Cam Newton and the Heisman Trophy: Why Don't More People Care?

Ryan FallerAnalyst IDecember 8, 2010

Auburn's Cam Newton seems assured of winning the Heisman Trophy, but is his dominance in the polls the reason few are paying attention?
Auburn's Cam Newton seems assured of winning the Heisman Trophy, but is his dominance in the polls the reason few are paying attention?Mike Zarrilli/Getty Images

Heisman Trophy winner, um…front-runner Cam Newton appears to be a very charismatic and appealing figure.

After each of Auburn’s eight wins at Jordan-Hare this season, the statuesque Newton would stand hovered above the south end zone, entertaining delirious fans while waving his towel in unison with the school band as it blared “Glory To Ole Auburn.”

People seem to gravitate toward Newton. He makes his teammates better. Girls melt in the grips of his smile. Guys at Auburn probably wouldn’t think twice about handing over their first-born or swan-diving over a bridge if it meant Newton would forego the NFL for what could be a BCS title defense.

The 21-year-old Newton is the perfect dream for the vultures in the media world, and he is a certifiable cash cow at the professional level. Marketers and endorsers will covet him just as much for his looks and swagger as his exploits and skills on the field.

Ah, yes, his skills. His speed, strength, elusiveness and accuracy: the very things that have fueled Auburn to an appearance in the BCS National Championship. They are also the things that have Newton worrying about what he’ll say at the podium at New York’s Nokia Theater on Dec. 11, right after his name is called as this year’s winner of the Heisman Trophy.

It seems like a given, doesn’t it? After all, Newton accounted for nearly 4,000 yards and 48 touchdowns for the nation’s best team. He specialized in special moments in which he snatched victory from the jaws of defeat. He at times single-handedly kept his team afloat with his versatility, becoming the second player in FBS history (Tim Tebow) to both run and pass for 20 touchdowns in a single season.

Sorry, LaMichael James, Andrew Luck and Kellen Moore: The verdict is final, and the envelope has been signed, sealed and delivered.
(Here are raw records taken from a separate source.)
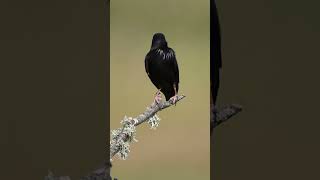 Spotless starling  Spain shorts wildlife birds [upl. by Milicent448]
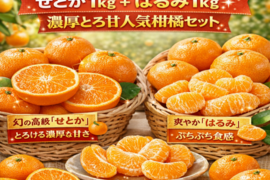 【希少高級柑橘の食べ比べ🎁】せとか1kg＋はるみ1kg🍊濃厚とろ甘人気柑橘セット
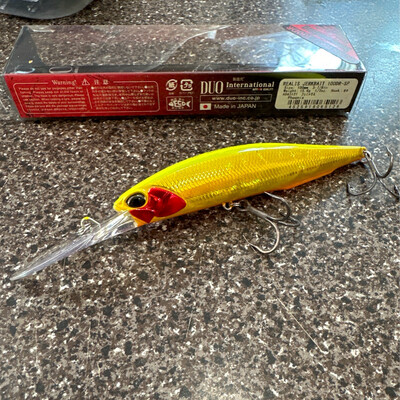 Duo Realis Jerkbait 100DR-SP #ADA3121 Phoenix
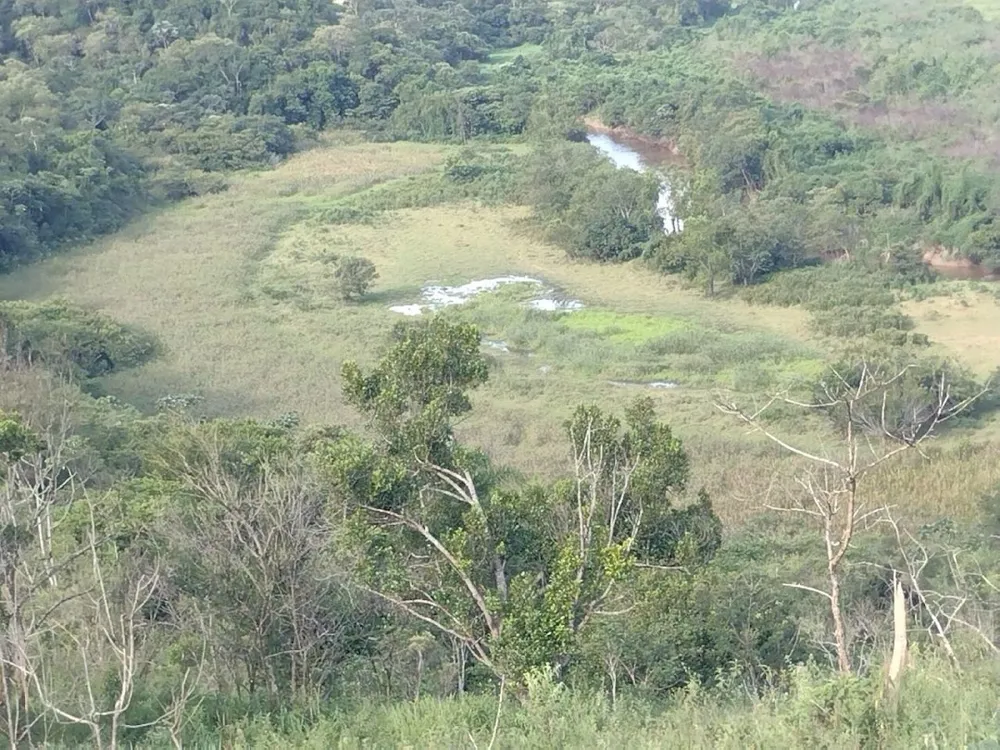 Fazenda, 225 hectares - Foto 8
This will be one of the most anti-climactic Heisman ceremonies in memory.

So, is that why nobody really seems to care?

Think about it. Is it just me or is no one talking about the stretch run of this year’s Heisman race? Is it because there isn’t one? If you ask me, any doubt surrounding who should win was erased on Nov. 26. That’s when Newton, on the road, erased a three-score Alabama lead en route to a 28-27 victory in the Iron Bowl.
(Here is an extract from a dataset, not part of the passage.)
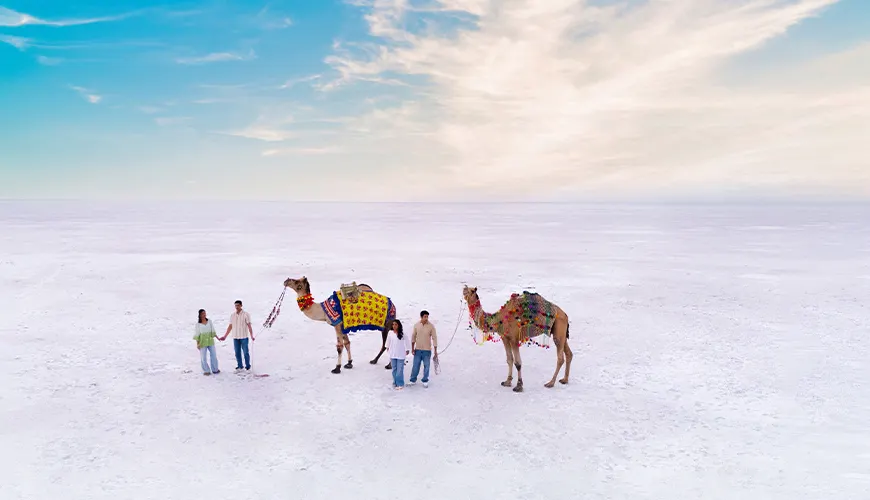 Rann of Kutch (White Desert), Gujarat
That’s also when Boise State spit the bit at Nevada, effectively crippling any chance Moore had at nabbing the Heisman.

I understand why a one-horse race would draw no interest. Everyone likes a little drama. To be honest, most seasons I’m apathetic as to who wins the Heisman, regardless of whether the award is contested or not. But doesn’t embroiling Newton in an NCAA investigation kick up the spice level a little bit?

It appears the answer is "no." And I can’t understand why.
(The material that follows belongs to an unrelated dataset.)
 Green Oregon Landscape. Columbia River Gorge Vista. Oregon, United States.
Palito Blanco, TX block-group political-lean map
We are expected to believe that Newton had no knowledge of the underhanded dealings of his father, Cecil, and Kenny Rogers. I’m sorry, that’s a little too much to ask.

Lo and behold, the NCAA governing body bought it. Rather than offing his head, the hypocrites at the NCAA flicked Newton in the chest, secretly handing down a one-day suspension after finding out that Cecil Newton and his cohort did indeed shop his son around for cash.

Pending further evidence in the ongoing investigation, Newton has been exonerated. The only word that matters is that of the NCAA. As long as Newton is considered eligible—or until he opts for the NFL draft—he will be allowed to dominate the college game, which is what he has done since September.

I’ll be the first one to admit that Newton should be declared ineligible, but the natural debate of whether he or not he should play should not diminish his heroics. Public opinion should only raise awareness of his accomplishments...and there are many, perhaps so many that some feel Newton should’ve been awarded college football’s ultimate prize a month ago.

This is why he will win the Heisman on Saturday without a fight. Not that many people will notice.